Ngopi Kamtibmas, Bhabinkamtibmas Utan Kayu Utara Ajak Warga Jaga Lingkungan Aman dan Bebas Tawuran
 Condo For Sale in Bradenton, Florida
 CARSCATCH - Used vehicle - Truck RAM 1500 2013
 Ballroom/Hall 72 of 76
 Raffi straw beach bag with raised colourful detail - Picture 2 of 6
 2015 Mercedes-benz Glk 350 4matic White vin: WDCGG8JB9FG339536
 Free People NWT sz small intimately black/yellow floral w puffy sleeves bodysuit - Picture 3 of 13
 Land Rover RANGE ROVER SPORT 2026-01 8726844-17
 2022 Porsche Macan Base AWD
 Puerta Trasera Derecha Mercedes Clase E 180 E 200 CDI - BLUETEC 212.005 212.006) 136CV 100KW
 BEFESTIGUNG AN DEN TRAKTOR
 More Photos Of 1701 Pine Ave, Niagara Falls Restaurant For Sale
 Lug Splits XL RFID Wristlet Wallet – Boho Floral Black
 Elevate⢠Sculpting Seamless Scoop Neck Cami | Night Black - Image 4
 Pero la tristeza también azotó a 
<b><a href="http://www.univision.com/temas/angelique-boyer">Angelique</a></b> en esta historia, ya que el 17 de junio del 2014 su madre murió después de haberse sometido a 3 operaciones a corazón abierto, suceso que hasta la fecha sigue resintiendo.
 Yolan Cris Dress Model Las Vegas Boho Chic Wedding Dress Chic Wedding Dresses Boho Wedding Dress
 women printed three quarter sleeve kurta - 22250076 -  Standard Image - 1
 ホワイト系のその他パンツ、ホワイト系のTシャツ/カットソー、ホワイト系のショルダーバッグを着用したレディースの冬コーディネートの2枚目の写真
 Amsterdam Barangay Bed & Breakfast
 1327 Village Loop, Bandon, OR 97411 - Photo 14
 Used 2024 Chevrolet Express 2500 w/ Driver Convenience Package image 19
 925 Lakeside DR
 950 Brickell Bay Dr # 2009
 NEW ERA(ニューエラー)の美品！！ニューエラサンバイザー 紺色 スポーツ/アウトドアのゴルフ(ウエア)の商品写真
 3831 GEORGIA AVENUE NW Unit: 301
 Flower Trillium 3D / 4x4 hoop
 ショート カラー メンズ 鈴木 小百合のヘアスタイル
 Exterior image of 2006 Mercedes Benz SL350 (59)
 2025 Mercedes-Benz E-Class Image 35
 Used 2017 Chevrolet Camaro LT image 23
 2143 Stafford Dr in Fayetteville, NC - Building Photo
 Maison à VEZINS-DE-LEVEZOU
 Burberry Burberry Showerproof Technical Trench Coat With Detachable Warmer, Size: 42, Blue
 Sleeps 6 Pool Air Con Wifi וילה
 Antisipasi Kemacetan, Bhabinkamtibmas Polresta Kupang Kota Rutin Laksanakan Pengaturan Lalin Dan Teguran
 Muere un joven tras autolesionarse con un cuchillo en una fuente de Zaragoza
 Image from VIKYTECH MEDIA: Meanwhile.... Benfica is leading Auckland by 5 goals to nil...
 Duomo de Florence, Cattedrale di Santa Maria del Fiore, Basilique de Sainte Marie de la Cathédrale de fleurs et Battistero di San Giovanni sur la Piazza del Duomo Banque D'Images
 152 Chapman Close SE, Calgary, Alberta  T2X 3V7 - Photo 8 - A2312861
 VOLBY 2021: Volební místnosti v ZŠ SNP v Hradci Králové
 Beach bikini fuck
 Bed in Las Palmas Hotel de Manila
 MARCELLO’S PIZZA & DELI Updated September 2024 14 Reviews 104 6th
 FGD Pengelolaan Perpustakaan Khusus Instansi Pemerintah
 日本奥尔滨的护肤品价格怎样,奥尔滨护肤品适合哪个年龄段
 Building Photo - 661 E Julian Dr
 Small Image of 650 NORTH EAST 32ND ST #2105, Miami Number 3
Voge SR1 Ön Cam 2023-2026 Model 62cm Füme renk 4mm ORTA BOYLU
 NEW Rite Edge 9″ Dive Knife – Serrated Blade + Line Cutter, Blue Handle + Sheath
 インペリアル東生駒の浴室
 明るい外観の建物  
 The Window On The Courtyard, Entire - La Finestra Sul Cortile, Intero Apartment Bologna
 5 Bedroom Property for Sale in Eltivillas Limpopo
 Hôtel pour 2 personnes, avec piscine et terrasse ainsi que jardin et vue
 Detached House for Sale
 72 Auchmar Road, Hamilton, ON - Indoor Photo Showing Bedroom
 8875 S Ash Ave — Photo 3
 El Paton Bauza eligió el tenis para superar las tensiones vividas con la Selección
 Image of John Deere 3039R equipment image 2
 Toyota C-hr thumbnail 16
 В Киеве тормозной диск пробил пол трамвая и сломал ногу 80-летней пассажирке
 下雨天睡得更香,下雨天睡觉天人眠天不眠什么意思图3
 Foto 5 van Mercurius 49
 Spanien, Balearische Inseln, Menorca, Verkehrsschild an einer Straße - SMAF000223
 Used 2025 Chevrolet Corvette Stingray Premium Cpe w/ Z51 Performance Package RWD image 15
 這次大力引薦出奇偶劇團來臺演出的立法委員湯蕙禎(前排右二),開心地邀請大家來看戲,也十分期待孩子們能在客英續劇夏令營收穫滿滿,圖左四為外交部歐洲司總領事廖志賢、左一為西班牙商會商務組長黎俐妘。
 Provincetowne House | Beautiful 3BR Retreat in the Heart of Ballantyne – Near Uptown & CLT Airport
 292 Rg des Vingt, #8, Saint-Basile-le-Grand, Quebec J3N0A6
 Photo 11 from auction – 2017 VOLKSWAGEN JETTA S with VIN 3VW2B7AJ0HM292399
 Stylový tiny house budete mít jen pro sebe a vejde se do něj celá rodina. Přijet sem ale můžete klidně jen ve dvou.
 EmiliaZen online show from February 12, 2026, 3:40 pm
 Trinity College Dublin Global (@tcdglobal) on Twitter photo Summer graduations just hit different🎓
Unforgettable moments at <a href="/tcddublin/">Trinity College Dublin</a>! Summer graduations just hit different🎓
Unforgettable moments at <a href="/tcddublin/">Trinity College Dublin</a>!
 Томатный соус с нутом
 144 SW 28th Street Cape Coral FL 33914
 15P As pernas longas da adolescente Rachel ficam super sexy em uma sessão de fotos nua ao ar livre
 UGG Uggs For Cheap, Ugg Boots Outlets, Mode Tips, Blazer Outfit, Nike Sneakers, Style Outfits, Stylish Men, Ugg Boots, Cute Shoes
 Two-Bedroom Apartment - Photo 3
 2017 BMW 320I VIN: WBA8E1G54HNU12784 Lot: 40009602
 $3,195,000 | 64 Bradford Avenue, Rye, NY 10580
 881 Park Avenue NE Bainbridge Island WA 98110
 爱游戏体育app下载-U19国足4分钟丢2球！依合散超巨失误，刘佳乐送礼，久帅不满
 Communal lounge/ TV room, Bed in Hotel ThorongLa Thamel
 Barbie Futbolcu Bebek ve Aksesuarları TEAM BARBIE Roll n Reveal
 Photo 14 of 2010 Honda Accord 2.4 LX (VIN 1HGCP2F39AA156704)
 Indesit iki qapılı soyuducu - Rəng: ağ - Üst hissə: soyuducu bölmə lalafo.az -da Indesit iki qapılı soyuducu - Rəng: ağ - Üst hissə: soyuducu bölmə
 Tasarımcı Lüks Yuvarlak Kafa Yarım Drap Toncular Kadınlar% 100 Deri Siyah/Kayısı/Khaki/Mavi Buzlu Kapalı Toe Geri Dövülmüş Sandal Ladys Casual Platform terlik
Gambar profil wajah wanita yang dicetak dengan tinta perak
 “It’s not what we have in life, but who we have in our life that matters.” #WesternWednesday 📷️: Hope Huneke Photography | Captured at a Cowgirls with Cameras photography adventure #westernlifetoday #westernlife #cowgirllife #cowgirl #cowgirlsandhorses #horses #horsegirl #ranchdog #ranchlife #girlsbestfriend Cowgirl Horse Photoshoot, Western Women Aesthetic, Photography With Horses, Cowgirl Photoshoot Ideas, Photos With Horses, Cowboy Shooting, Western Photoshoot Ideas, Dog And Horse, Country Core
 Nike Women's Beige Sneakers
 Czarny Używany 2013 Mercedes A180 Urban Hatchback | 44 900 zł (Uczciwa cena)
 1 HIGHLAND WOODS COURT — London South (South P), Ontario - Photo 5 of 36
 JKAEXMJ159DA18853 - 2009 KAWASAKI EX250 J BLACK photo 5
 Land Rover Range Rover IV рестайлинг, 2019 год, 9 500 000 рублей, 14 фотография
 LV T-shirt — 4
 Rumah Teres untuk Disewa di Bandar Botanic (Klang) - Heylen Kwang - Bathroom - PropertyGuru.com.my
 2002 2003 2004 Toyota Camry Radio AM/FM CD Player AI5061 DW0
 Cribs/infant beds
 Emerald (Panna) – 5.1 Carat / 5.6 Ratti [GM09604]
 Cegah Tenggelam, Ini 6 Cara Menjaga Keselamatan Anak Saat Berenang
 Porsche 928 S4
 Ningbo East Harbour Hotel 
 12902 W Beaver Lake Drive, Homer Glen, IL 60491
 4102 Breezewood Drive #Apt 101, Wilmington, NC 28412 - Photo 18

----------------

Would you quote everything above from the line containing "2015 Mercedes-benz Glk" down to the line containing "women printed three"? Include both of those lines and nothing else.

 2015 Mercedes-benz Glk 350 4matic White vin: WDCGG8JB9FG339536
 Free People NWT sz small intimately black/yellow floral w puffy sleeves bodysuit - Picture 3 of 13
 Land Rover RANGE ROVER SPORT 2026-01 8726844-17
 2022 Porsche Macan Base AWD
 Puerta Trasera Derecha Mercedes Clase E 180 E 200 CDI - BLUETEC 212.005 212.006) 136CV 100KW
 BEFESTIGUNG AN DEN TRAKTOR
 More Photos Of 1701 Pine Ave, Niagara Falls Restaurant For Sale
 Lug Splits XL RFID Wristlet Wallet – Boho Floral Black
 Elevate⢠Sculpting Seamless Scoop Neck Cami | Night Black - Image 4
 Pero la tristeza también azotó a 
<b><a href="http://www.univision.com/temas/angelique-boyer">Angelique</a></b> en esta historia, ya que el 17 de junio del 2014 su madre murió después de haberse sometido a 3 operaciones a corazón abierto, suceso que hasta la fecha sigue resintiendo.
 Yolan Cris Dress Model Las Vegas Boho Chic Wedding Dress Chic Wedding Dresses Boho Wedding Dress
 women printed three quarter sleeve kurta - 22250076 -  Standard Image - 1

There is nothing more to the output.